◆ GIVEN MATERIAL ◆
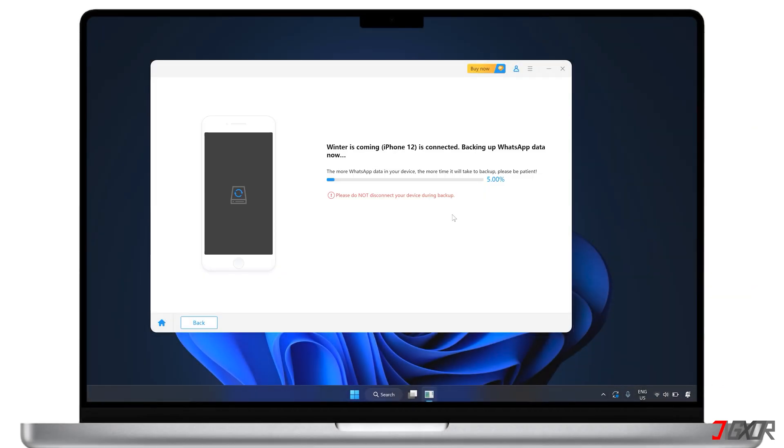From there, just let the software do its thing. It'll scan your device for WhatsApp data. So be patient, especially if you have a lot of messages. And don't disconnect your phone to avoid interrupting the backup process.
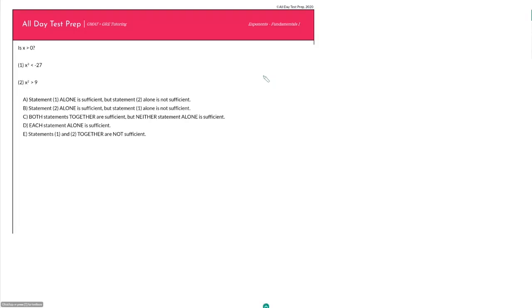Let's test our knowledge of exponent rules. These next few questions are a litmus test to see if you know the minimum you need to know about exponents for the GMAT.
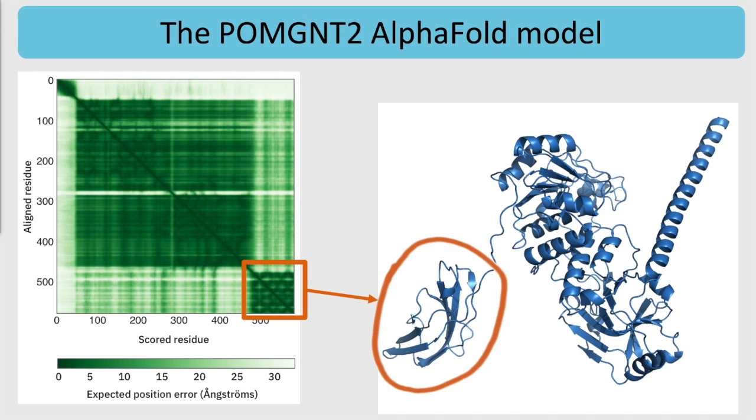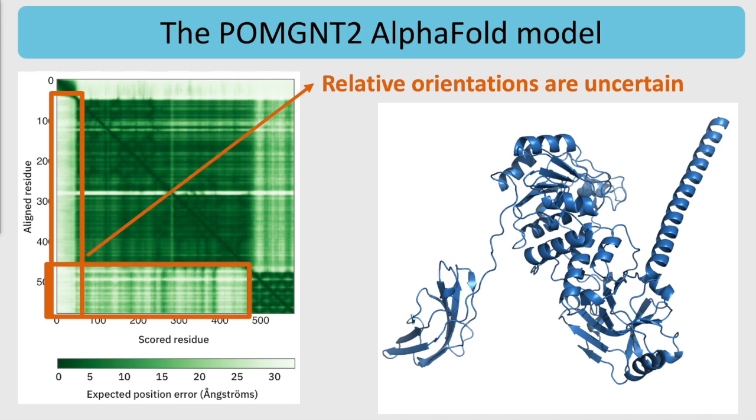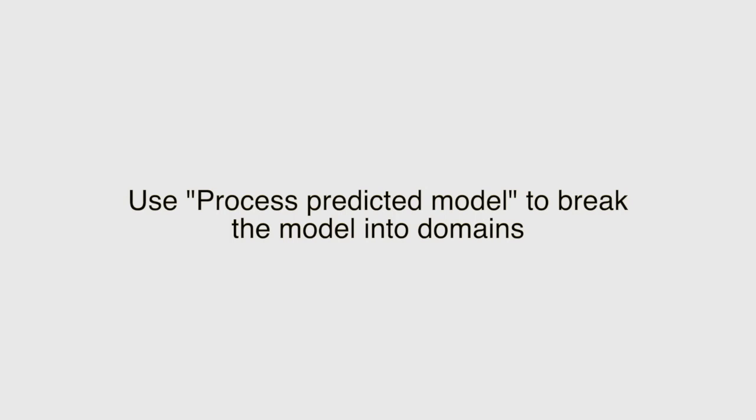The light green areas away from the diagonal in the plot suggest that the relative orientations of the domains are uncertain. So before doing molecular replacement, we will use the process predicted model tool to break the model into domains.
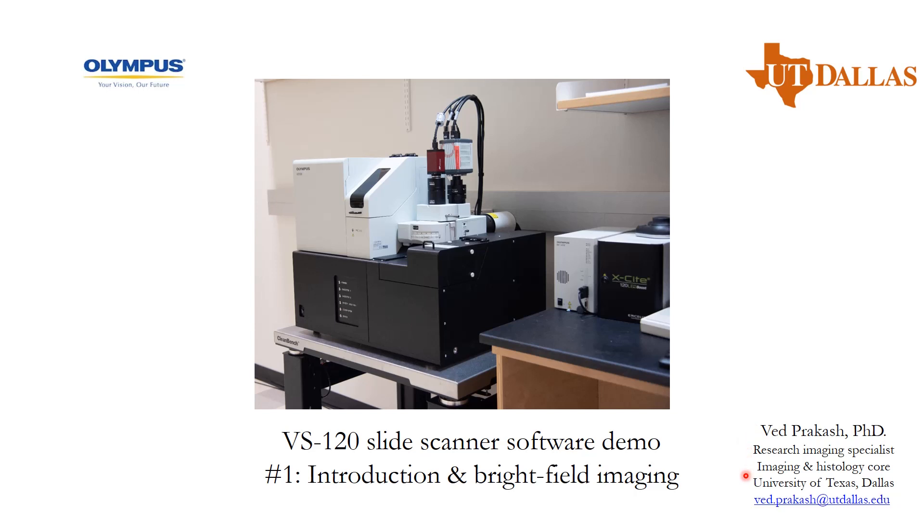Today, we'll be discussing how to use the virtual slide scanner microscope software. In the first module, we'll be learning how to do bright field imaging. In module number two, you'll be learning how to do fluorescence imaging.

◆ INSTRUCTIONS TO FOLLOW ◆
Would you give again exactly the lines from the line containing "The light green" through the end of the listing, both ends included, without any pictures?

◆ WRITTEN ANSWER ◆
The light green areas away from the diagonal in the plot suggest that the relative orientations of the domains are uncertain. So before doing molecular replacement, we will use the process predicted model tool to break the model into domains.
Today, we'll be discussing how to use the virtual slide scanner microscope software. In the first module, we'll be learning how to do bright field imaging. In module number two, you'll be learning how to do fluorescence imaging.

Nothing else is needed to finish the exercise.